RMSprop as described seems to have the effect scaling the magnitude of gradient descent steps to be closer to each other in each dimension. More of a normalization approach.
Andrew picked a case where:
Magnitude of B was relatively high and more incorrect
Magnitude of W was relatively low and more correct
The higher magnitude of B becomes relatively smaller (better)
The lower magnitude of W becomes relatively larger (better)
If we then increase the learning rate we are improving performance
It seems like we could easily make a counter case:
In this example:
Magnitude of B was relatively low and more incorrect
Magnitude of W was relatively high and more correct
In this case it seems we would:
The higher magnitude of B becomes relatively larger (worse)
The lower magnitude of W becomes relatively smaller (worse)
Is there any type of reason why one would expect relatively larger magnitudes in relatively incorrect directions as the case Andrew presented to be the norm?
If not, it would seem like RMSprop is good at helping to eliminate extreme incorrect magnitudes to help prevent overshooting via normalization?
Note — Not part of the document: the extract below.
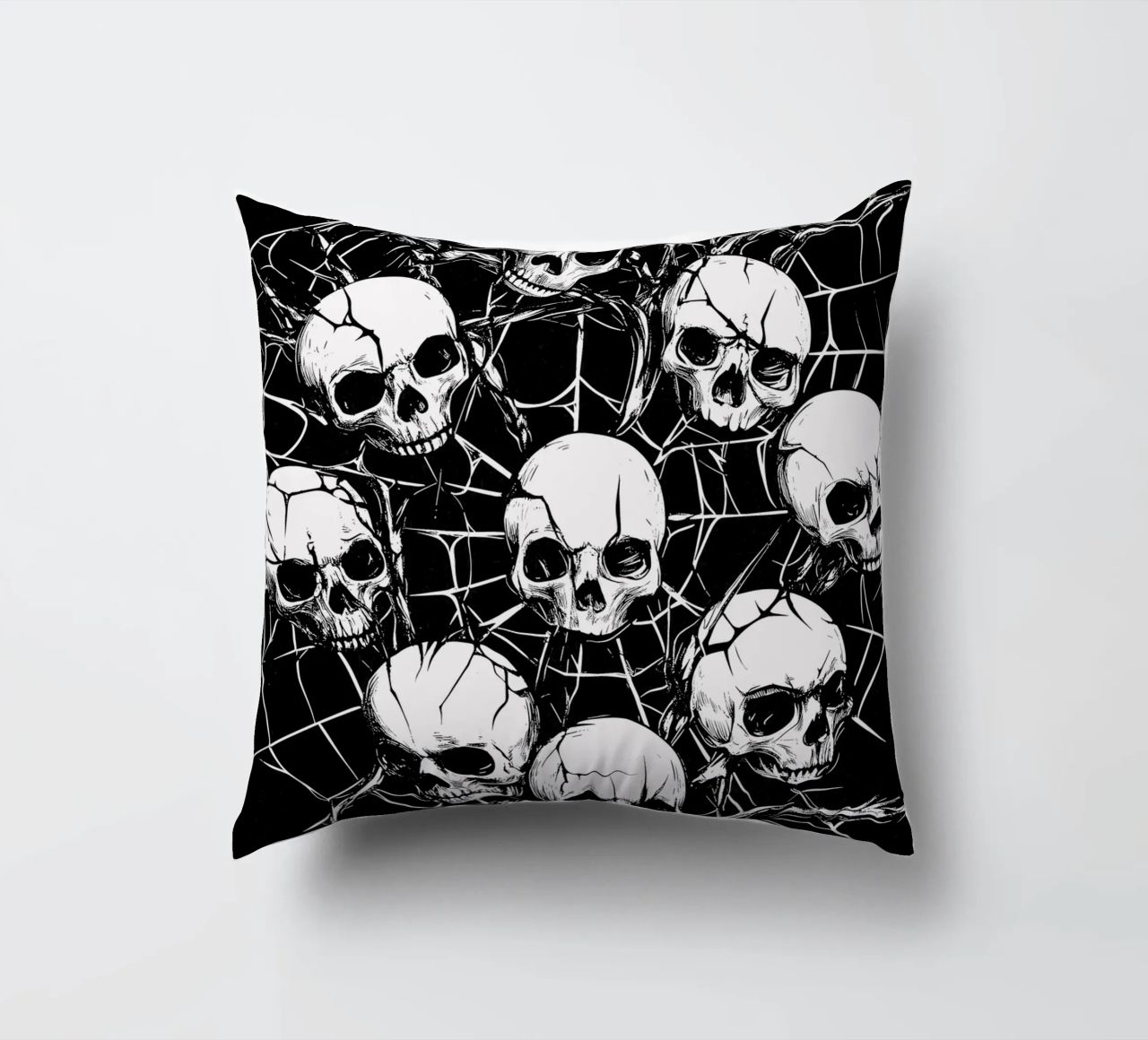 Cranio con ragnatela e spine cuscino da pixelbull - medieval art and more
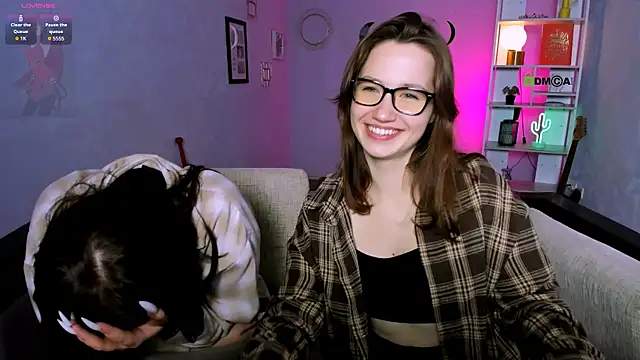 helli belli online show from 12-22-25, 02:08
Wouldn’t this also have the disadvantage of eliminating extreme positive steps?
If that is the case, wouldn’t a momentum approach be a better overall solution. Instead of trying to ‘normalize’ step sizes (both good and bad), it seems like momentum actually tries to eliminate incorrect steps magnitudes and only leave steps in the relatively correct direction?
Once we are pointed in the correct direction it seems like momentum would allow us to crank up the learning rate and have the most advantageous results.